If a provider does need to send a patient to the Emergency Department, there are many extra precautions in place there as well to keep patients safe. Even before patients get to the door, Emergency Department nurses are stationed outside in a triage tent to conduct quick screenings, in order to keep patients who may have COVID-19 away from those who do not. Masks are required for all. Special, separate care areas have been established to prevent cross-infection, and visitors are not permitted to further reduce the possibility of viral spread.
Patients who get admitted will find an inpatient staff that is going above and beyond to keep patients safe and supported. Peninsula Regional Medical Center has always encouraged and welcomed family visitation and a caregiver’s presence at the bedside. Adjusting to the visitor-free COVID-19 world has been a challenge, but it has brought out the best in the team, not only clinical providers but catering and environmental services staff, as they bring extra love and support of patients in the hospital without a loved one by their side.
“We understand that our patients are here without their families. We spend that extra minute with our patients to help comfort them. We call our patients’ families at least once a shift or more if needed to reassure them they are in good hands and things are going well,” said Bobbi Simkins, a registered nurse on 5 West, one of PRMC’s medical floors.
Making the effort to connect, even virtually, is important. In the Emergency Department, not only are there triage tents to help keep Covid-19 and non-Covid patients separated, but there’s also an accommodation for families. “In our Family Virtual Communication Tent, we have an iPad to provide to families with which they can talk to staff or their loved one in the ED since we have restricted visitors. This has been used with great success,” said Angie Brittingham, RN, Director of Emergency Services.

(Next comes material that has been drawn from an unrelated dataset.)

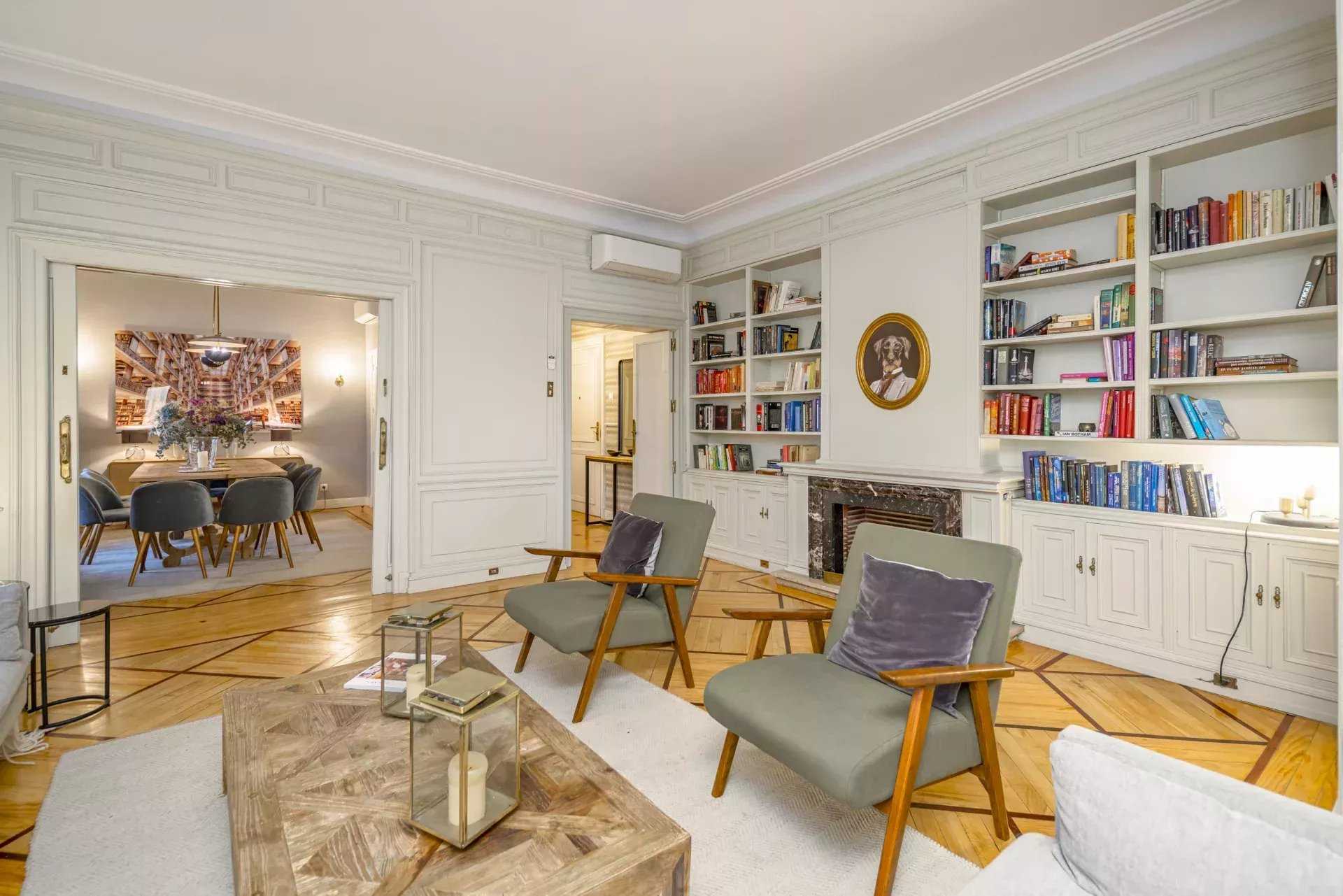 Piso Madrid  -  ref 85594245 (picture 1)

Families can also cheer their loved ones between calls with an e-card at peninsula.org/ecard that they can personalize – it is printed with a colorful design and hand-delivered for a personal touch.
Discharge planners and financial counselors are still working to connect families to resources they will need once they go home.
“We are working with outside facilities to make sure our patients that leave get the care they need outside of the hospital,” Simkins said. “We are making sure to do everything possible to decrease the length of stay for patients. Getting patients back to their families in a timely fashion is a priority.”